Personal information
- Born: November 1, 1990 (age 35) Huntsville, Texas, U.S.
- Listed height: 6 ft 3 in (1.91 m)
- Listed weight: 242 lb (110 kg)

Career information
- High school: Huntsville (Huntsville, Texas)
- College: Texas-El Paso
- NFL draft: 2014: undrafted

Career history
- Cincinnati Bengals (2014)*; New York Giants (2014); Miami Dolphins (2015)*;
- * Offseason or practice squad member only
- Stats at Pro Football Reference

= James Davidson (American football) =

American football player (born 1990)

James Davidson (born November 1, 1990) is an American former football linebacker.
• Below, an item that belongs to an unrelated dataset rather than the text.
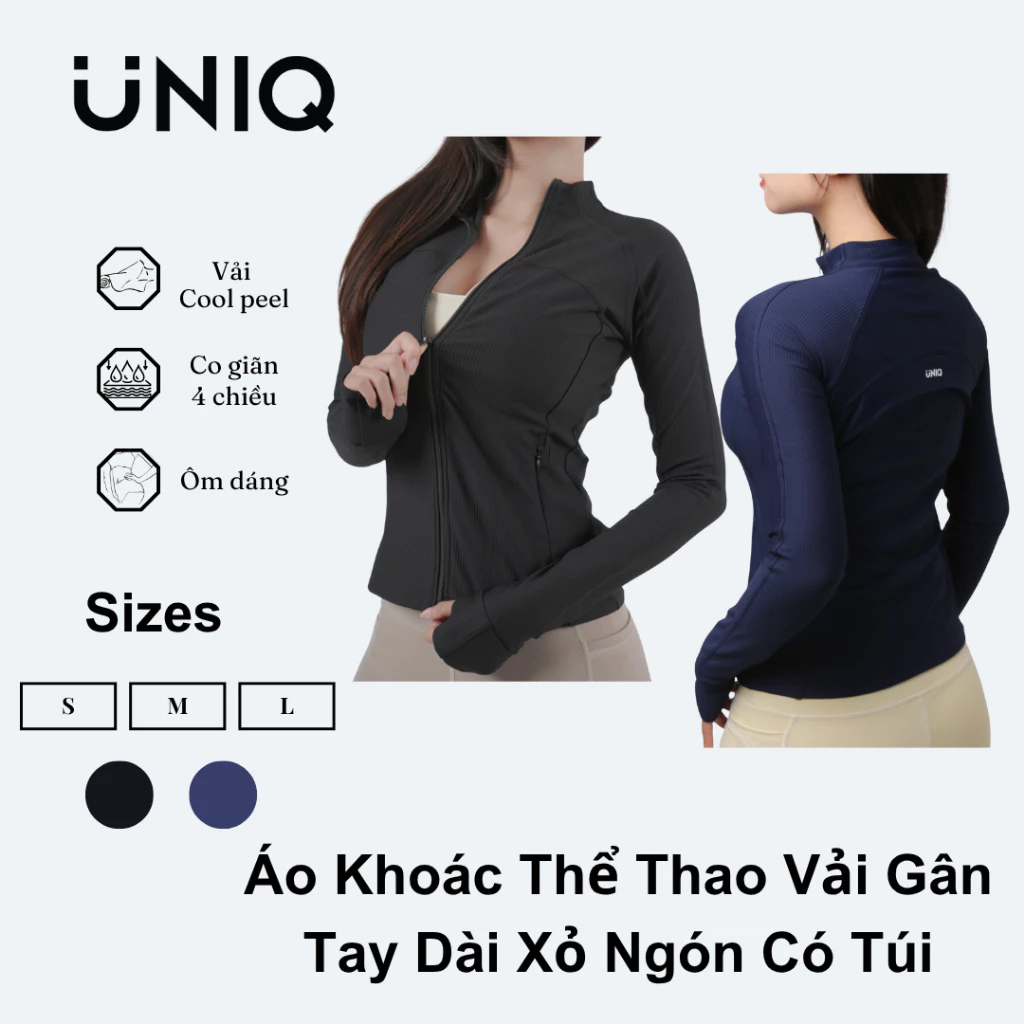 Áo Khoác Thể Thao Nữ UNIQ Vải Thun Gân Dáng Ôm Tay Dài Xỏ Ngón Có Túi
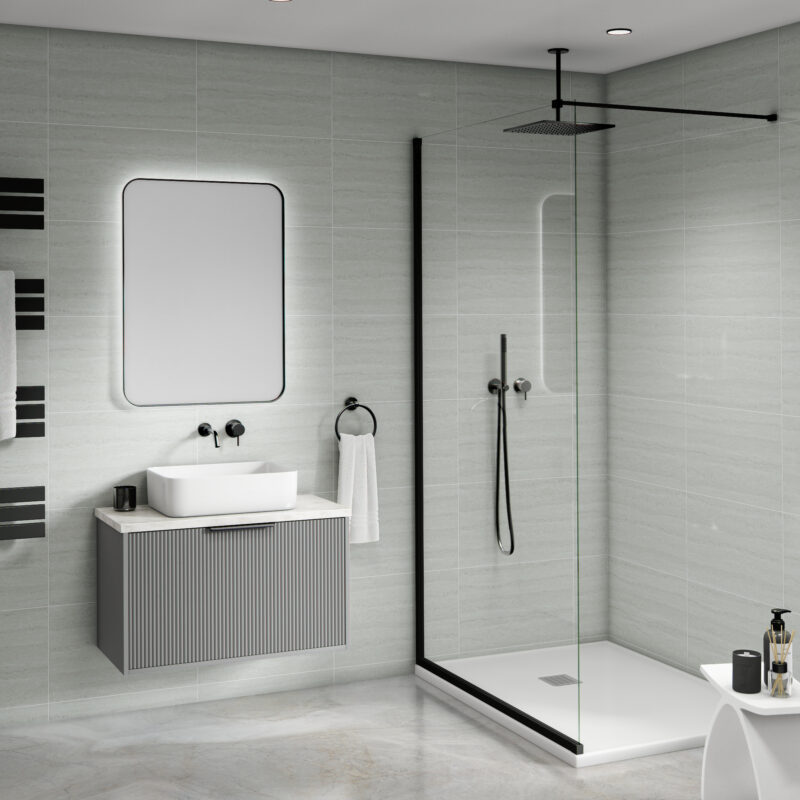 Mural Ultimo Tile Effect Wall Panel - Light Grey Ribbed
He played college football at the University of Texas at El Paso and attended Huntsville High School in Huntsville, Texas. He was a member of the Cincinnati Bengals, New York Giants and Miami Dolphins of the National Football League (NFL).

==Early life==
Davidson played high school football at Huntsville High School. He was an honorable mention selection on defense to the 2008 Associated Press 4A All-State team and a two-time 18-4A first-team All-District, including a unanimous selection as a senior. He was a second-team All-Area performer and voted as the district's Newcomer of the Year following his junior season in 2007. Davidson registered 63 tackles, three interceptions and three sacks as a senior while recording 84 tackles as a junior.

==College career==
Davidson played for the UTEP Miners from 2010 to 2013. He was redshirted in 2009.

==Professional career==
Davidson signed with the Cincinnati Bengals on May 12, 2014, after going undrafted in the 2014 NFL draft. He was released by the Bengals on August 26, 2014.

Davidson was signed to the New York Giants' practice squad on September 16, 2014. He was promoted to the active roster on December 2, 2014, and made his NFL debut on December 7, 2014, against the Tennessee Titans. He was released by the Giants on May 11, 2015.

Davidson signed with the Miami Dolphins on August 17, 2015. He was released by the Dolphins on September 4, 2015.